Extracted data:
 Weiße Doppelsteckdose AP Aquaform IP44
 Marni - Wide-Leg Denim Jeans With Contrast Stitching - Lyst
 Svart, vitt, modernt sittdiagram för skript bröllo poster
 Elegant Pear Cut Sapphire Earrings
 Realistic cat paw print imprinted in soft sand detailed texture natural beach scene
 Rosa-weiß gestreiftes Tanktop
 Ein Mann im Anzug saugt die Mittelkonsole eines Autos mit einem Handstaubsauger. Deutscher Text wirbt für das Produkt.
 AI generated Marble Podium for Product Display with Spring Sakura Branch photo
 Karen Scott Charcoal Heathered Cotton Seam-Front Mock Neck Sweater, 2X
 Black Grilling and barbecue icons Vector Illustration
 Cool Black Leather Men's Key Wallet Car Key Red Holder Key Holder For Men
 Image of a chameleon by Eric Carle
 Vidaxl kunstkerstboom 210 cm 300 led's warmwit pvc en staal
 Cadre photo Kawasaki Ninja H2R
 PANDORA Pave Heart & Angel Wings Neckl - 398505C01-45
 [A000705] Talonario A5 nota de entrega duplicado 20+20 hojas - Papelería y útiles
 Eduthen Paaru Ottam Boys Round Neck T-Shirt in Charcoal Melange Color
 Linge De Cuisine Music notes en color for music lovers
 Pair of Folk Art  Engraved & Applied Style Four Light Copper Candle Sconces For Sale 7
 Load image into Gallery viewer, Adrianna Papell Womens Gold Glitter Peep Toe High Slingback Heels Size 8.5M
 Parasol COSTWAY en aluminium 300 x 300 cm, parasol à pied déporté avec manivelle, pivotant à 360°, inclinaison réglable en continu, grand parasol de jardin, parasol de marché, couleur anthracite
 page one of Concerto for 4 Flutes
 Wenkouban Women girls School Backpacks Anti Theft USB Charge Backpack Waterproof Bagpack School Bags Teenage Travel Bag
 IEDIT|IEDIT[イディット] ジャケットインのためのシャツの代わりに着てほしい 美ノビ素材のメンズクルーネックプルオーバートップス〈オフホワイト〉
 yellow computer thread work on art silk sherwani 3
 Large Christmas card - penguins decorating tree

Task directions:
Starting from the first line of the records above, retype each line exactly up to and including the one that contains "Rosa-weiß gestreiftes Tanktop", and nothing more.

Answer:
 Weiße Doppelsteckdose AP Aquaform IP44
 Marni - Wide-Leg Denim Jeans With Contrast Stitching - Lyst
 Svart, vitt, modernt sittdiagram för skript bröllo poster
 Elegant Pear Cut Sapphire Earrings
 Realistic cat paw print imprinted in soft sand detailed texture natural beach scene
 Rosa-weiß gestreiftes Tanktop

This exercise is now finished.